A series of posts about “Web, caching and memcached” continues. Start here:
1 ,
2 ,
3 ,
4 and
5 .
In these posts we talked about memcached, its architecture, possible use, caching key selection, clustering, atomic operations and the implementation of counters in
memcached , as well as the problem of simultaneously rebuilding caches and tagging caches.

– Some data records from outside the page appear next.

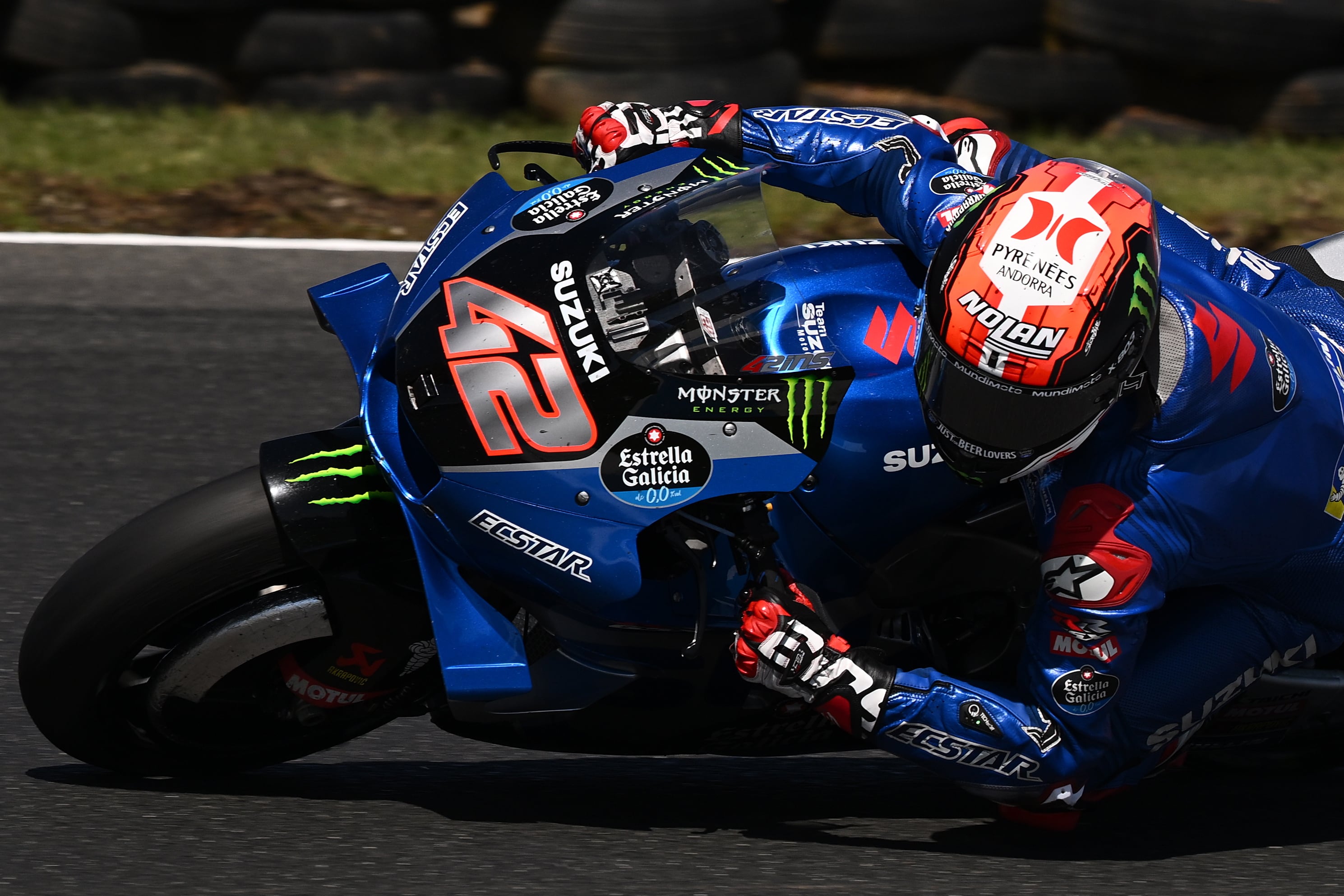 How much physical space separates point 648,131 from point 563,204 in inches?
15.7

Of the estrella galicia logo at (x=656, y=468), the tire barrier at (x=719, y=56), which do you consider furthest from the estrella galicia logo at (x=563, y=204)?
the tire barrier at (x=719, y=56)

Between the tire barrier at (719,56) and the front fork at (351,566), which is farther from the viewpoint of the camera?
the tire barrier at (719,56)

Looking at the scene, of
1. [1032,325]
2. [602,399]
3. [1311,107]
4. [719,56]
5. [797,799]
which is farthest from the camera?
[1311,107]

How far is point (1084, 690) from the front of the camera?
263 cm

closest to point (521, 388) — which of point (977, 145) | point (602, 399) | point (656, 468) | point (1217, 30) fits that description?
point (602, 399)

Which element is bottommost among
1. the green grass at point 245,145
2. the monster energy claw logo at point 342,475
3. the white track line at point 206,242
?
the green grass at point 245,145

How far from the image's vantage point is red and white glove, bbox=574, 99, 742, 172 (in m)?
2.97

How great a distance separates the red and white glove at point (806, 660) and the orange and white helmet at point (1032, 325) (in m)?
0.33

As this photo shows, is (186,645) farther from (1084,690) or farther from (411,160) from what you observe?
(411,160)

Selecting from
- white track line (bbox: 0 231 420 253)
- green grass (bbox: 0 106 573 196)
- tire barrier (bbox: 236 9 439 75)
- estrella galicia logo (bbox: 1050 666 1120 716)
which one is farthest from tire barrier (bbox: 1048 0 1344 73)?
estrella galicia logo (bbox: 1050 666 1120 716)

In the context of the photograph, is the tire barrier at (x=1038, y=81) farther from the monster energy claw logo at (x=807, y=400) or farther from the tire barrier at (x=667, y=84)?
the monster energy claw logo at (x=807, y=400)

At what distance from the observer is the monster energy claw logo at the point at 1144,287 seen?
2.41 metres

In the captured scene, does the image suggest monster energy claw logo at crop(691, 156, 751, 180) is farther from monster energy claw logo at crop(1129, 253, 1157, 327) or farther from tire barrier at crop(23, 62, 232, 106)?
tire barrier at crop(23, 62, 232, 106)

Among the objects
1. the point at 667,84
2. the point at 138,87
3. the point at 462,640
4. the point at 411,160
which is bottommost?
the point at 411,160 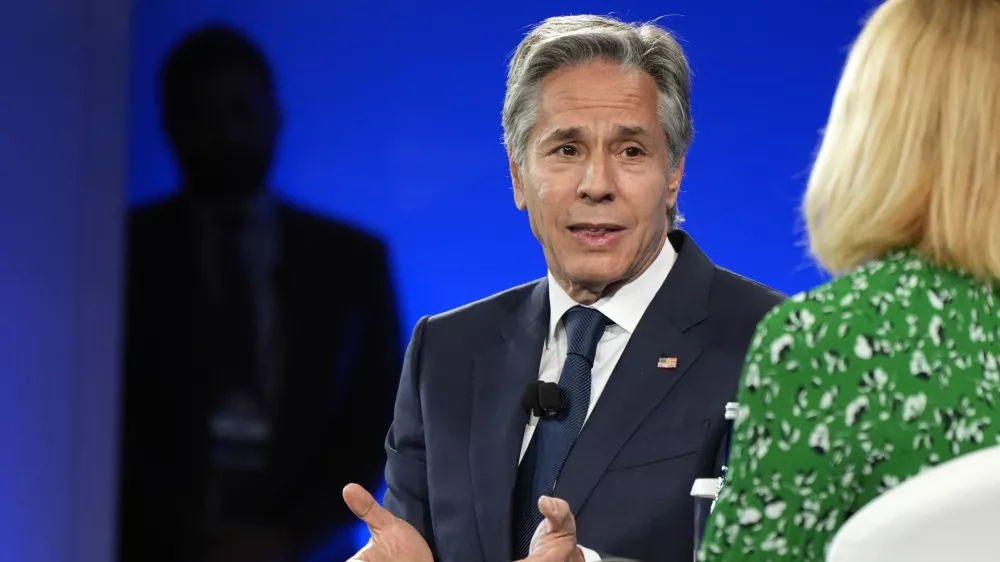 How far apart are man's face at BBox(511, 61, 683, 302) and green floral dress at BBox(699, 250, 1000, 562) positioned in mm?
1066

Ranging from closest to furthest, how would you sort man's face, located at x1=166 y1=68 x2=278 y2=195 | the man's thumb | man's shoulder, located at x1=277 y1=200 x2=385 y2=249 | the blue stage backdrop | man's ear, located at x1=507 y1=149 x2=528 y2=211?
the man's thumb → man's ear, located at x1=507 y1=149 x2=528 y2=211 → the blue stage backdrop → man's shoulder, located at x1=277 y1=200 x2=385 y2=249 → man's face, located at x1=166 y1=68 x2=278 y2=195

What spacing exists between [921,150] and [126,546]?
11.6 feet

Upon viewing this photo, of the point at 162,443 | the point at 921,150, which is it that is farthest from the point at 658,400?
the point at 162,443

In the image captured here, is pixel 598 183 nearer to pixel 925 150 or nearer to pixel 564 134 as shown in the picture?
pixel 564 134

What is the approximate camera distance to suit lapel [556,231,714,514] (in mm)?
2094

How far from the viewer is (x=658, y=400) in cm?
214

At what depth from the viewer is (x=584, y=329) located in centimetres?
225

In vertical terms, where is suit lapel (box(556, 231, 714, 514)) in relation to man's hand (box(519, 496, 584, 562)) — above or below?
above

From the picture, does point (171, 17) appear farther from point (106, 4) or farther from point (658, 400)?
point (658, 400)

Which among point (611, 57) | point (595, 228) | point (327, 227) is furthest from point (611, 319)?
point (327, 227)

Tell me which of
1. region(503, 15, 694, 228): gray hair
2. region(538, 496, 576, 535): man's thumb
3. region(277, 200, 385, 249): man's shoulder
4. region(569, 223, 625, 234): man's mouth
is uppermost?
region(503, 15, 694, 228): gray hair

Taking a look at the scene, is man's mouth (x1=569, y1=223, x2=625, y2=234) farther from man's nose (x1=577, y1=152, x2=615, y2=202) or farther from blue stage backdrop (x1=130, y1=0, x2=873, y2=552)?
blue stage backdrop (x1=130, y1=0, x2=873, y2=552)

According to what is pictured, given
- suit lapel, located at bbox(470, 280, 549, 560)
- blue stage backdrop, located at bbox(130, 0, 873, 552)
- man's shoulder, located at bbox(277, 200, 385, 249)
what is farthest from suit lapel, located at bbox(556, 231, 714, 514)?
man's shoulder, located at bbox(277, 200, 385, 249)

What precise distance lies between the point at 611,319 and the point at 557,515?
550 mm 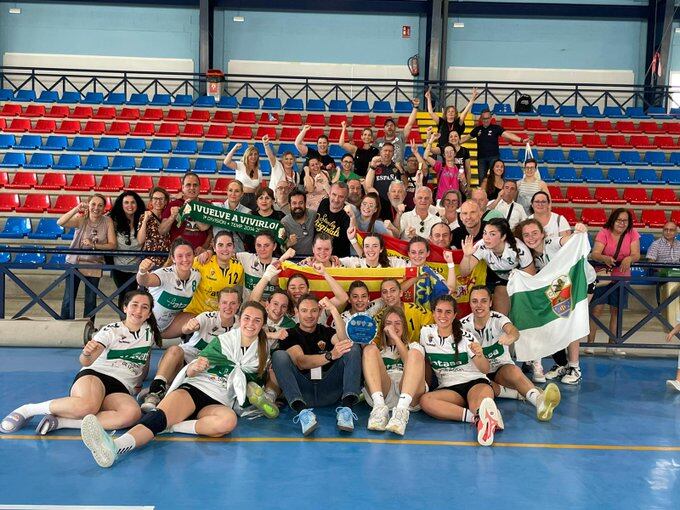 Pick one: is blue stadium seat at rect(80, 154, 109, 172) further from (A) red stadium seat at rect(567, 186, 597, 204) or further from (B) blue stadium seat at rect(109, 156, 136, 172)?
(A) red stadium seat at rect(567, 186, 597, 204)

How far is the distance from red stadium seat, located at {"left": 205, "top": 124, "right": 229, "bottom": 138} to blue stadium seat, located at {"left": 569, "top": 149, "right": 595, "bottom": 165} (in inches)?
321

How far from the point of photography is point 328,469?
4727mm

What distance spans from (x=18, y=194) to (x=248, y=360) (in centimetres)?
936

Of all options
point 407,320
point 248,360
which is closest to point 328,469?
point 248,360

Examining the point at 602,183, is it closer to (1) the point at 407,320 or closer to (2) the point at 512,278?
(2) the point at 512,278

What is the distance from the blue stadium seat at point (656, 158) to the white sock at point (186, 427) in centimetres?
1358

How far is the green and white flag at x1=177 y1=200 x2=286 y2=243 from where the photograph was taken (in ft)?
24.3

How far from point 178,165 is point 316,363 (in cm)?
967

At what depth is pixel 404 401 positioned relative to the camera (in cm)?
560

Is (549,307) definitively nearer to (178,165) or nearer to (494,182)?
(494,182)

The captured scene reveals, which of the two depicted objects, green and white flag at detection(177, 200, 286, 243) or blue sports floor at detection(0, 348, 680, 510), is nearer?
blue sports floor at detection(0, 348, 680, 510)

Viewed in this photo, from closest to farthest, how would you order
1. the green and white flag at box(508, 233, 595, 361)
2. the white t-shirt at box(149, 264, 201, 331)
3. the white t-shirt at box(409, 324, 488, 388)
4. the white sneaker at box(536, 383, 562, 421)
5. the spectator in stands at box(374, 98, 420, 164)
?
1. the white sneaker at box(536, 383, 562, 421)
2. the white t-shirt at box(409, 324, 488, 388)
3. the white t-shirt at box(149, 264, 201, 331)
4. the green and white flag at box(508, 233, 595, 361)
5. the spectator in stands at box(374, 98, 420, 164)

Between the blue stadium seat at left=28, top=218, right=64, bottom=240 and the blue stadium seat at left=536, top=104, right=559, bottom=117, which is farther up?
the blue stadium seat at left=536, top=104, right=559, bottom=117

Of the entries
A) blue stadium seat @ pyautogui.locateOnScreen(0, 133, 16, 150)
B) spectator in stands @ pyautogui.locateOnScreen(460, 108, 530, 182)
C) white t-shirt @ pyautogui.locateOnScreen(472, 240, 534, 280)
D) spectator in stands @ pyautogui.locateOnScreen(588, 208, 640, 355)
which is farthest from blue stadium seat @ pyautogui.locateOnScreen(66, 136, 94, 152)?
spectator in stands @ pyautogui.locateOnScreen(588, 208, 640, 355)
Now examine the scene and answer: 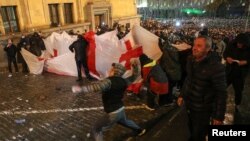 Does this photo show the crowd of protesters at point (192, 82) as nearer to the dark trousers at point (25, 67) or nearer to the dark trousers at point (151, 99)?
the dark trousers at point (151, 99)

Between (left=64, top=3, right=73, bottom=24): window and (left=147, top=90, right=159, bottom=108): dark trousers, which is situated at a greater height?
A: (left=64, top=3, right=73, bottom=24): window

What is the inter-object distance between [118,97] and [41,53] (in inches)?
317

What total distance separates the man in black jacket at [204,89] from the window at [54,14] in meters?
16.9

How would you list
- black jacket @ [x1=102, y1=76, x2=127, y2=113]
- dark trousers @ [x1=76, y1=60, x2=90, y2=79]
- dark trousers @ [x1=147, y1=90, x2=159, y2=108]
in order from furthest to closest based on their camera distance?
dark trousers @ [x1=76, y1=60, x2=90, y2=79]
dark trousers @ [x1=147, y1=90, x2=159, y2=108]
black jacket @ [x1=102, y1=76, x2=127, y2=113]

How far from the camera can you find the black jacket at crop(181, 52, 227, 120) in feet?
9.89

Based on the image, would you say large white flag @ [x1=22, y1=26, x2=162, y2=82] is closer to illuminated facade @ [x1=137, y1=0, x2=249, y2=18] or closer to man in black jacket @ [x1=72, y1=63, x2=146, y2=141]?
man in black jacket @ [x1=72, y1=63, x2=146, y2=141]

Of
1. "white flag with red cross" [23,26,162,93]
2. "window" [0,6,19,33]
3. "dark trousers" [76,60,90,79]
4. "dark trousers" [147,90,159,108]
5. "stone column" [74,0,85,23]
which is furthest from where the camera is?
"stone column" [74,0,85,23]

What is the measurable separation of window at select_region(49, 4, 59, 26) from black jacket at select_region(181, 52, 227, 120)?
55.4ft

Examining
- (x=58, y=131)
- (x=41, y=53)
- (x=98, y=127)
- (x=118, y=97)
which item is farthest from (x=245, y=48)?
(x=41, y=53)

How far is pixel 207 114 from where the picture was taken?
10.8 feet

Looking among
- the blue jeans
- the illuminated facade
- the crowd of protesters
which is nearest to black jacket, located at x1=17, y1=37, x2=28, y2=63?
the crowd of protesters

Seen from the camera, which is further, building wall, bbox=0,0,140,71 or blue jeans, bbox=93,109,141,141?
building wall, bbox=0,0,140,71

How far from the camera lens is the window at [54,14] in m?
18.8

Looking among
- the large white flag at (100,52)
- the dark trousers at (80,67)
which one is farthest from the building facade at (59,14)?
the dark trousers at (80,67) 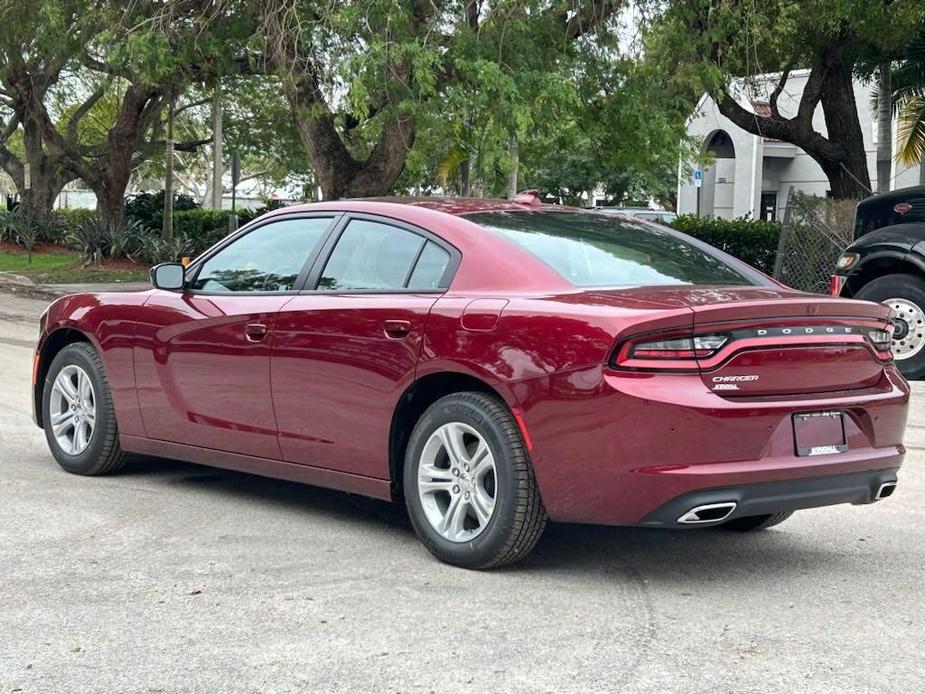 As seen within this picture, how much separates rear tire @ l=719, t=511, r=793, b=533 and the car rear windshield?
1102 mm

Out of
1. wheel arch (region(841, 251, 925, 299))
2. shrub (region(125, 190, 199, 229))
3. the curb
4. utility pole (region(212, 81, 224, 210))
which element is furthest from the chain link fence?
shrub (region(125, 190, 199, 229))

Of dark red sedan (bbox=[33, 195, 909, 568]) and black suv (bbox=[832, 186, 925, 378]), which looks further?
black suv (bbox=[832, 186, 925, 378])

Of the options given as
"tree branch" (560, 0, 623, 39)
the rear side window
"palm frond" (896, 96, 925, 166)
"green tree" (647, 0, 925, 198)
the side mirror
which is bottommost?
the side mirror

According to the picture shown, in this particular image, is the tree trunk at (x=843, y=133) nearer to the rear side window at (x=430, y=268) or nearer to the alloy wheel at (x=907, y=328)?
the alloy wheel at (x=907, y=328)

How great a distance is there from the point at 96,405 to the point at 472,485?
2799 mm

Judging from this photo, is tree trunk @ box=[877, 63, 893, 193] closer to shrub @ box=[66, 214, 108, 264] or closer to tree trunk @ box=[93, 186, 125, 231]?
shrub @ box=[66, 214, 108, 264]

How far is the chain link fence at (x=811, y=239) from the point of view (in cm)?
1620

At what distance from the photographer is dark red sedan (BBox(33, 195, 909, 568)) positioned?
486cm

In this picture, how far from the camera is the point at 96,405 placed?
23.7ft

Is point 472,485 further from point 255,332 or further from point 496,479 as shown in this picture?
point 255,332

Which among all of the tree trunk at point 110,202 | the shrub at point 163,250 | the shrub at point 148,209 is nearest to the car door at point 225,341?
the shrub at point 163,250

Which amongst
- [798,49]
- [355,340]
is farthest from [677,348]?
[798,49]

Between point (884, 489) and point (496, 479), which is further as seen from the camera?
point (884, 489)

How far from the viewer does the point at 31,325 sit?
18.2m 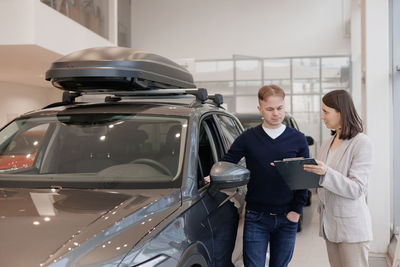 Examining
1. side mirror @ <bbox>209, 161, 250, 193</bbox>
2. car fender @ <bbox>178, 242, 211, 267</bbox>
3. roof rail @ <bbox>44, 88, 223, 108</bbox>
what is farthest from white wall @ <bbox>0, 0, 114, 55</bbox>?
car fender @ <bbox>178, 242, 211, 267</bbox>

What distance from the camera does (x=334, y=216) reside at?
2781mm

Today's post completes this series, in it we will talk about technical “trifles”:
- statistics analysis memcached;
- debugging memcached;
- “RPC” with memcached.
The full text of all sections as a single large PDF can be downloaded and viewed
here (in the “Materials” section).
Job statistics memcached
In addition to the need to implement mechanisms for working with memcached, you need to constantly monitor the cluster of memcached servers in order to be sure that we have achieved optimal performance. Memcached provides a set of commands for getting information about its work.
The simplest command,
stats
, allows you to get elementary statistics: server uptime (uptime), amount of memory used, number of get requests and number of hits (hits), i.e. cache hits. Their ratio allows us to judge caching efficiency as a whole, although it must be taken into account that not only cached samples are keys in memcached, but counters, locks, tags, etc., so this value needs to be adjusted to calculate the net caching efficiency. From the general statistics, we can also find out how many keys were deleted before the expiration date (evictions), this parameter can signal the lack of memory memcached.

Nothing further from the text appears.